(Crawled caption data)
Start of Block

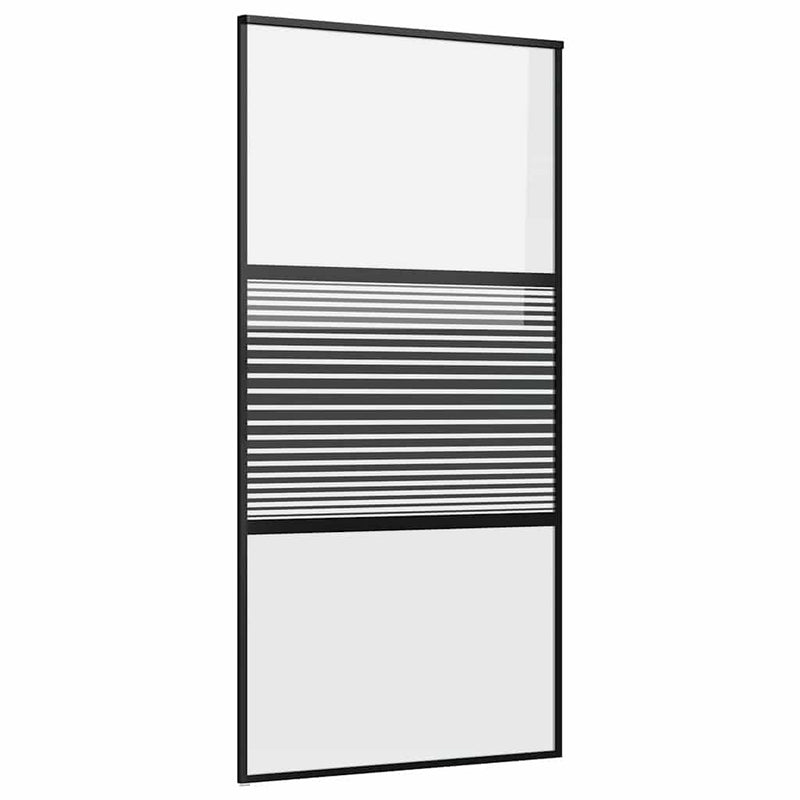 vidaXL Csúszó ajtó Fekete 102.5 x 205 cm Edzett üveg és Alumínium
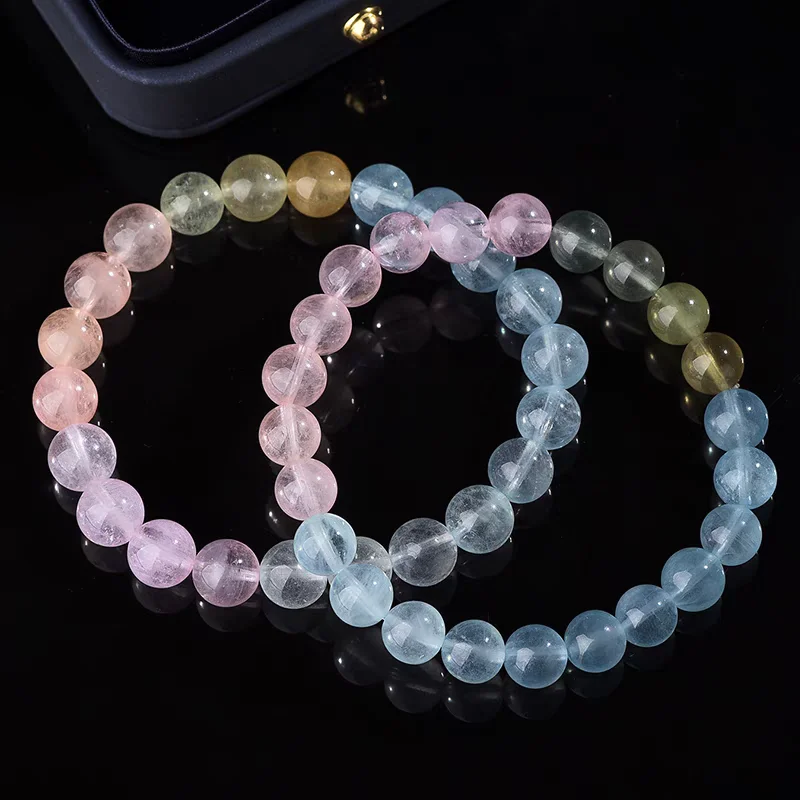 Natural Colorful Morganite Quartz Bracelet 8mm Clear Round Beads Blue Pink Morganite Stretch Gemstone Women Men AAAAAAA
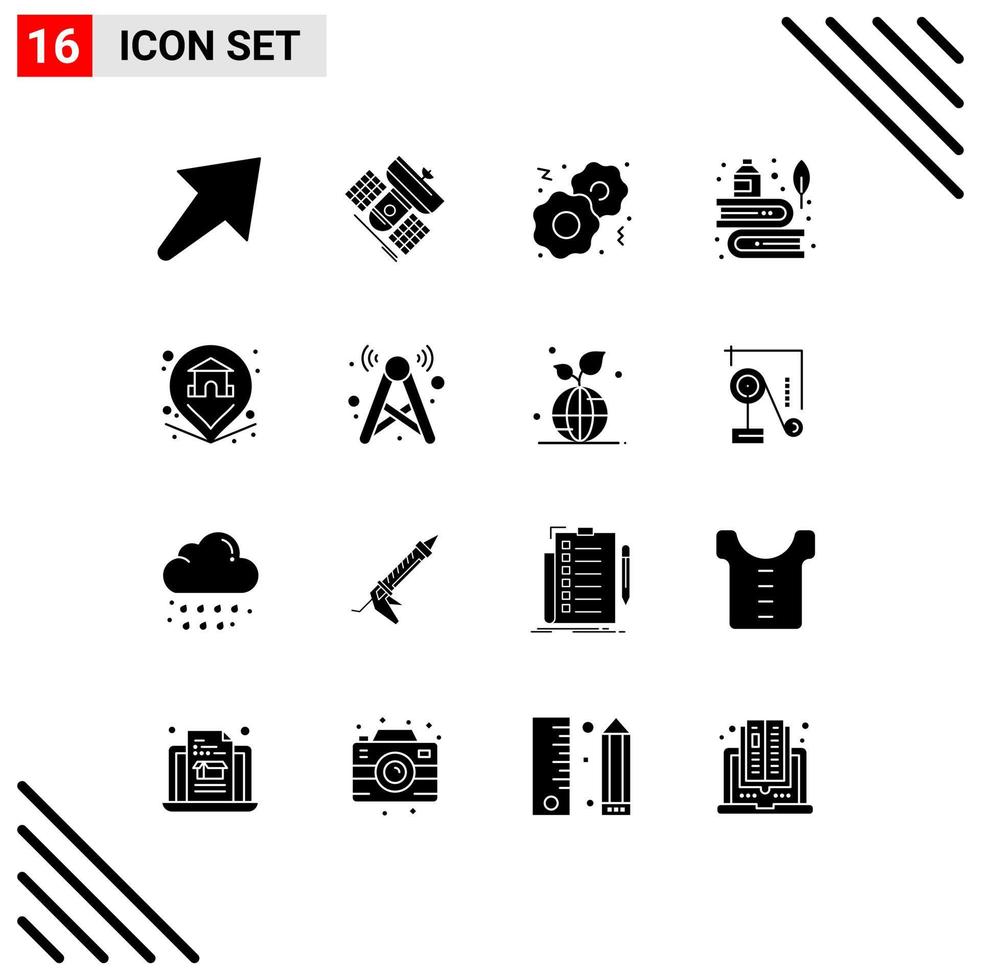 Pictogram Set of 16 Simple Solid Glyphs of pin ink cookies history education Editable Vector Design Elements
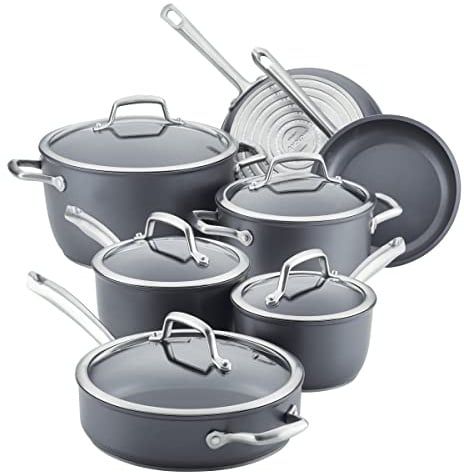 Anolon 81133 Accolade harteloxiertes Präzisions-Schmiede-Kochgeschirr-Set mit Glasdeckeln, 12-teiliges Topf- und Pfannenset, Moonstone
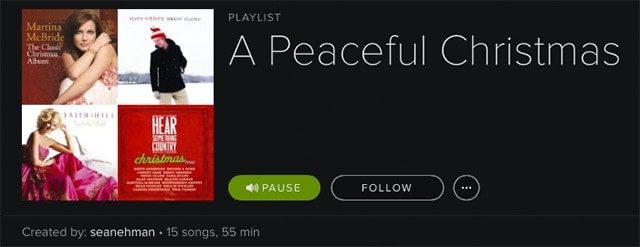 A Peaceful Christmas Playlist on Spotify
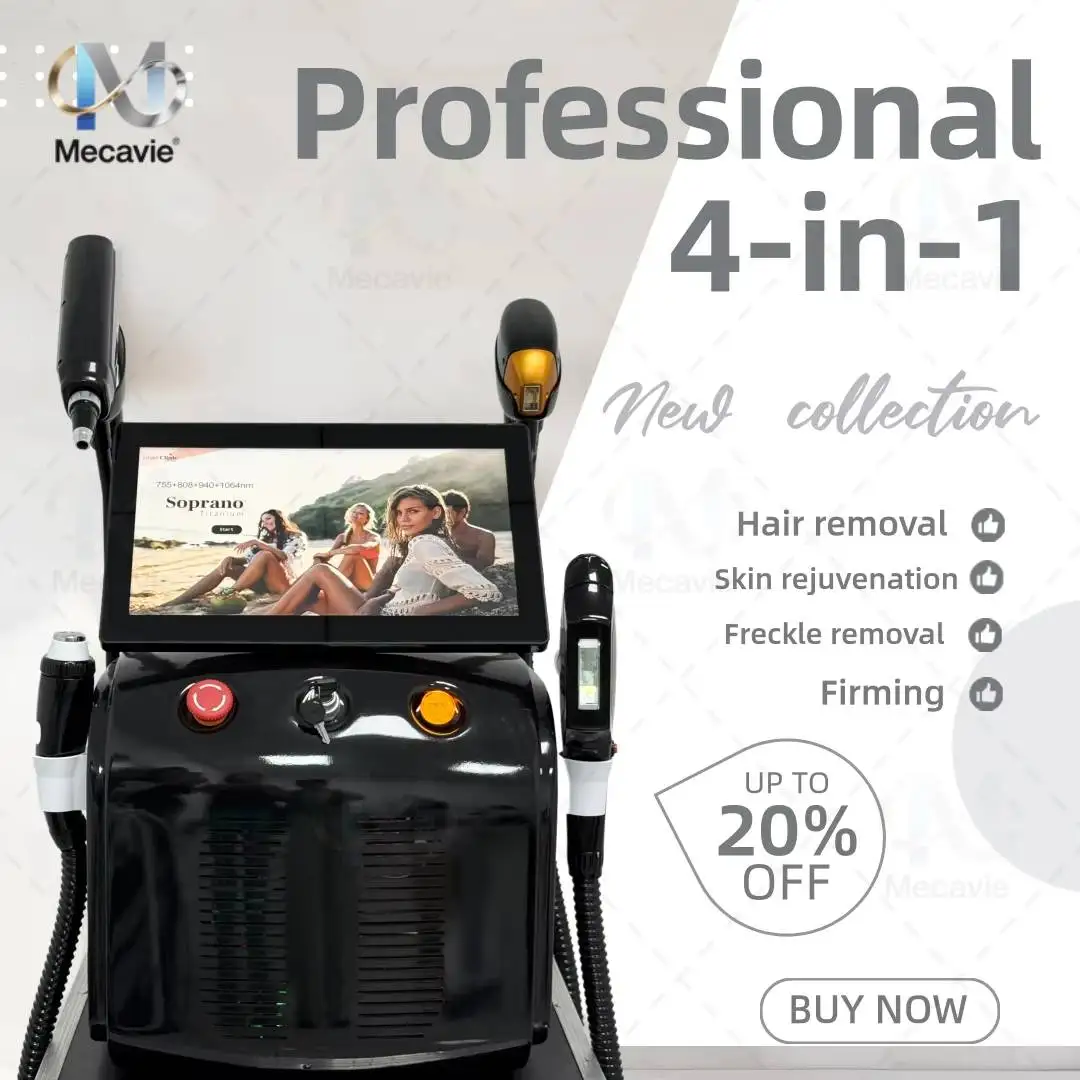 

‌4in1 Painless Hair Removal Machine 755nm 808nm 1064nm 940nm 4 Wavelength Laser ND IPL Diode Ice Titanium Soprano MultiFunction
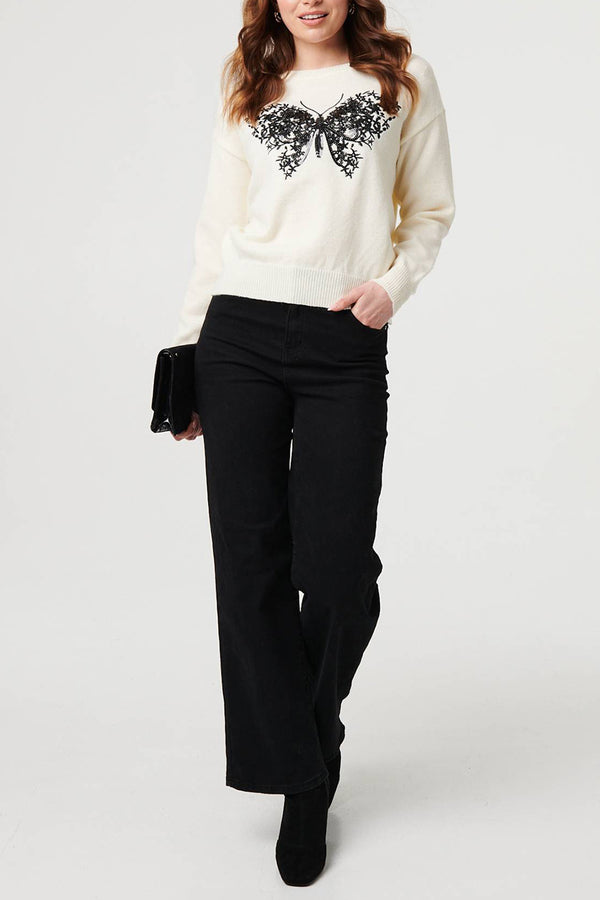 White | Butterfly Print Sparkly Relaxed Jumper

End of Block

Required action
No picture is to be printed. Output exactly the lines above from the line containing "Natural Colorful Morganite" through the line containing "Titanium Soprano MultiFunction".

Exercise result
 Natural Colorful Morganite Quartz Bracelet 8mm Clear Round Beads Blue Pink Morganite Stretch Gemstone Women Men AAAAAAA
 Pictogram Set of 16 Simple Solid Glyphs of pin ink cookies history education Editable Vector Design Elements
 Anolon 81133 Accolade harteloxiertes Präzisions-Schmiede-Kochgeschirr-Set mit Glasdeckeln, 12-teiliges Topf- und Pfannenset, Moonstone
 A Peaceful Christmas Playlist on Spotify

‌4in1 Painless Hair Removal Machine 755nm 808nm 1064nm 940nm 4 Wavelength Laser ND IPL Diode Ice Titanium Soprano MultiFunction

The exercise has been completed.